Looper takes place in the not-so-distant future in the middle of Kansas. Joe (Joseph Gordon-Levitt) informs us that time travel will be invented in the 2080s and will be quickly outlawed. Despite the crackdown, criminal organizations will utilize the technology to eliminate the competition by wiping them off the temporal map, rendering them nonexistent by sending their targets back in time. Once the target is beamed back in time, hit men, or “Loopers,” like Joe eliminate the target and burn the body. The one catch to this profession? In order for the criminal organizations in the 2080s to continue functioning under the radar, the temporal loop that the Loopers function in will eventually need to be closed. Essentially, every Looper will have to kill his older self at some point. Thus, when Joe’s older self (Bruce Willis) makes the leap home and young Joe accidentally lets him get away, mob boss Abe (Jeff Daniels) wants them both(?) dead.

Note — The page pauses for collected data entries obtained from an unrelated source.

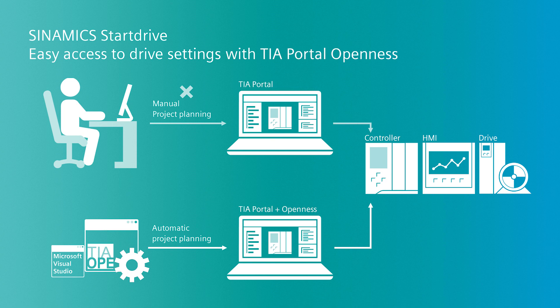TIA Portal Openness provides a defined interface for direct access to the TIA Portal from external applications. For example, hardware can be created and parameters can be changed via TIA Portal Openness.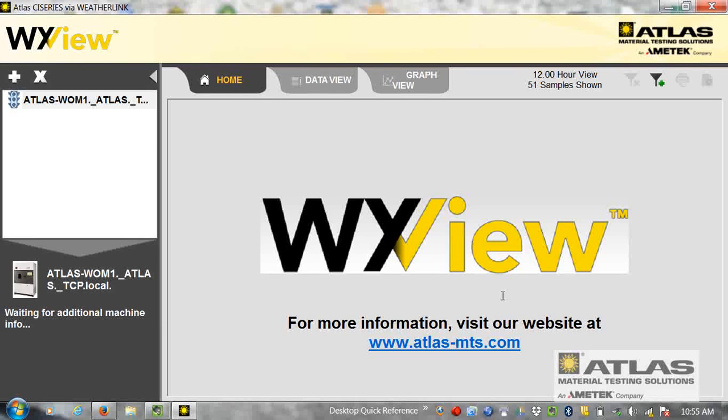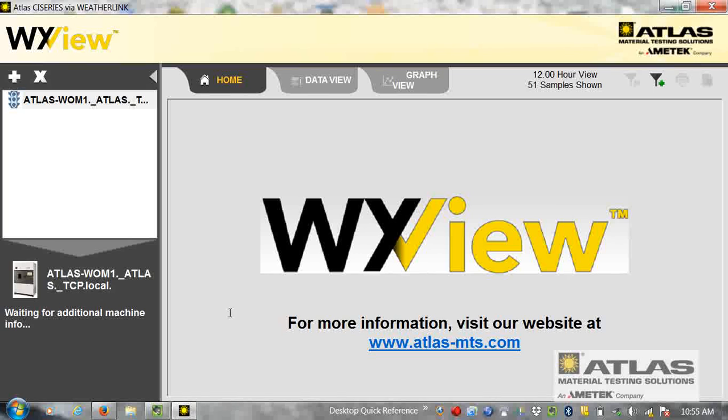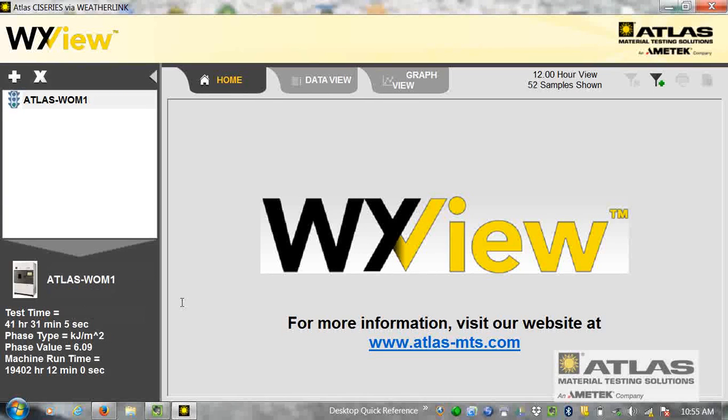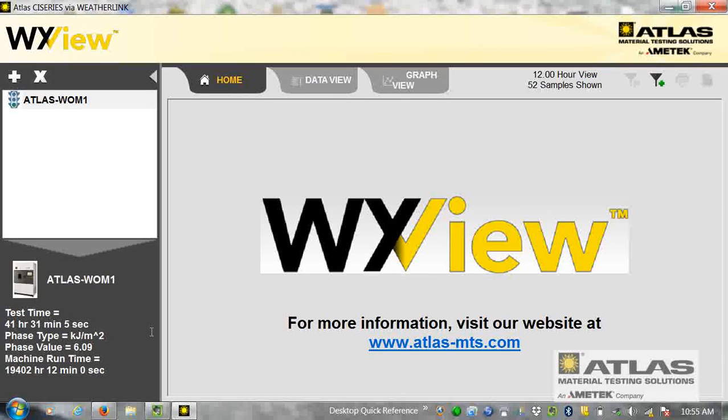There's the name. Click it, and eventually over in this area here, it will come up with machine information and test information.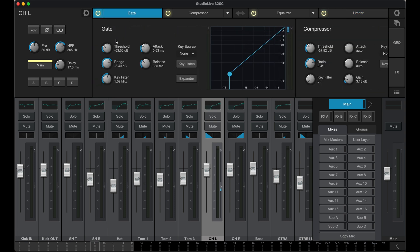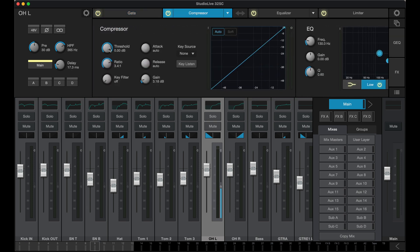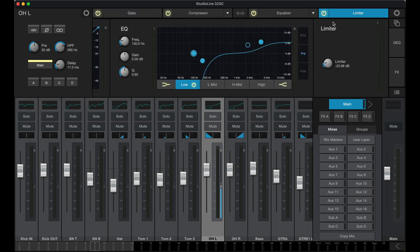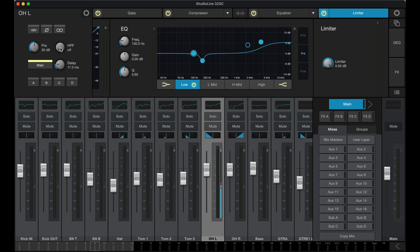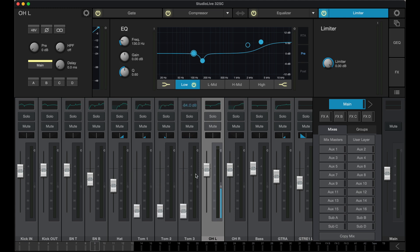The same holds true for a gate, compressor, limiter, and the input section — pretty much every knob. I can even center out my pan controls. And I can also bring a fader all the way down in the mains or in an aux by the same procedure.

A turn of the screw occurs when old Joe informs young Joe that all the loops are being closed off by a new kingpin nicknamed “The Rainmaker” who, in young Joe’s timeline, is a 5-year-old boy. Old Joe’s mission is to kill the potential Rainmaker candidates while young Joe takes it upon himself to protect one of the candidates (Pierce Gagnon) and his mother (Emily Blunt) from the mob and his older self so that he can take his life back. This complication begs a variation of that oft-debated time travel ethics question: If you could go back in time and kill Adolf Hitler, would you? For old Joe, the answer is an absolute yes (although he does not take his duty lightly). For young Joe, the answer is more complicated. What if, by trying to kill the younger version of the Rainmaker and failing, you simply feed his eventual motivation for world domination?
Thus, while Looper begins as a sci-fi neo-noir, it eventually finds itself in the corn fields and farm houses of futuristic Kansas as a variation on the Westerns that came out of the mid-1950s. As perhaps best exemplified by John Ford’s The Searchers, this evolutionary stage of the Western was marked by moral ambiguity. Cowboys and Indians were no longer forces whose motivations could be correlated to the colors white or black. In The Searchers, the antagonist is the paradigmatic cowboy himself—John Wayne—whose contempt for the Native Americans has given him a faulty moral compass and has driven him off the reservation. By the end of The Searchers, Wayne’s psychopathic actions alienate him from the seedlings of civilized society sprouting up around him. Looper takes that same character reversal and, using the time travel conceit, loops it back around to where the protagonist and the antagonist are the same person, separated by 30 years. While the film may cheat a bit in its third act (I cannot be more specific for fear of spoiling parts of the film), running those loops under Johnson’s direction is one of the most intellectually stimulating Hollywood experiences that you can have this year.